Campbell, 41, sits at a table in a gently lit cafe some blocks away from downtown Toronto proper. The music in the cafe is light, but unassuming and Campbell is seated with his side to the windows at the entrance.
The shifting nature of Canada’s black music scene has been at Campbell’s fingertips for some time. As an undergrad in the late 90s, he worked as a DJ for the Bigger Than Hip Hop radio show, where hours were dedicated to showcasing Canada’s underground hip hop scene, music that may have gone unnoticed otherwise.
“There are various black experiences that are connected through the music, primarily though sampling and production,” says Mark Campbell. “Lots of African-American soul that you would find Daniel [Caesar] would sample that, Drake would sample that.” [Photo © Danielle Edwards]
His passion for the music drove the rest of his academic career. He started as a researcher at Ryerson University in 2016 and become a professor at the school in 2018. His research focuses on Canadian hip hop and DJ cultures and Afro-diasporic theory.

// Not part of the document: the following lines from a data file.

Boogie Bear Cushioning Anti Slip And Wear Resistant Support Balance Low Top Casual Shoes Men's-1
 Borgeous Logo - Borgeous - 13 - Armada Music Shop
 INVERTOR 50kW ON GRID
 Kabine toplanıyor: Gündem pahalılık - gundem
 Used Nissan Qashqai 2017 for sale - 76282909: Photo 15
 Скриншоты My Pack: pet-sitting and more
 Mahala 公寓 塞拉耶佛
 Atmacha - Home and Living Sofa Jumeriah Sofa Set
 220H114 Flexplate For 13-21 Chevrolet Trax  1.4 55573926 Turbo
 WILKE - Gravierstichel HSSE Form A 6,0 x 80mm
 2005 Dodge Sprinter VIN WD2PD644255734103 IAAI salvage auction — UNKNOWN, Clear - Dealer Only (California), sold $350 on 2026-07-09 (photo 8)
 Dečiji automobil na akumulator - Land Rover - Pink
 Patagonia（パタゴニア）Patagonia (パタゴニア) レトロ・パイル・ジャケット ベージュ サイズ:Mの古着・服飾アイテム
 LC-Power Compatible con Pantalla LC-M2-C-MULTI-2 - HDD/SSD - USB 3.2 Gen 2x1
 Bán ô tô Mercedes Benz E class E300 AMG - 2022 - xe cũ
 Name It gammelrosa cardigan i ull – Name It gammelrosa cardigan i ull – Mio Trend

In his estimation, there is no one sound that defines Toronto in any real terms.
“The Toronto Sound would be a pop sound because it’s only the songs on the radio that sound similar … but when you start comparing someone that’s on the commercial radio versus someone’s that’s on college radio, they don’t sound the same because college radio’s not playing pop songs,” he says. “That’s what makes me suspicious about these kinds of things where we say ‘Oh yeah, this is us now’.”
Campbell says that while people often like to talk about a sound the city of Toronto can claim, he’s not hung up on the label.
“If I was 25 and I wanted to feel a certain way about Toronto and my city then I’d probably listen hard to find the connections,” he says.
“I don’t have a desire for there to be one.”
Manswell shares Campbell’s perspective — the black music in Toronto is too large, much too varied and too widely influenced to be distilled down to a single set of characteristics. But for him, that diversity has played to Toronto’s advantage when it comes to black music. He says that Drake’s 2016 album, Views, is a small example of a larger movement in the city.
“[The album] starts off very mellow then it picks up into a hip hop vibe, then you get the whole afrobeats song, then you get dancehall. Then you get the slow R&B, the one he got really famous off of. There’s little pieces of country in there and there’s little pieces of pop music and it’s all of that,” says Manswell. “So if you listen to Views that’s literally what Toronto is.”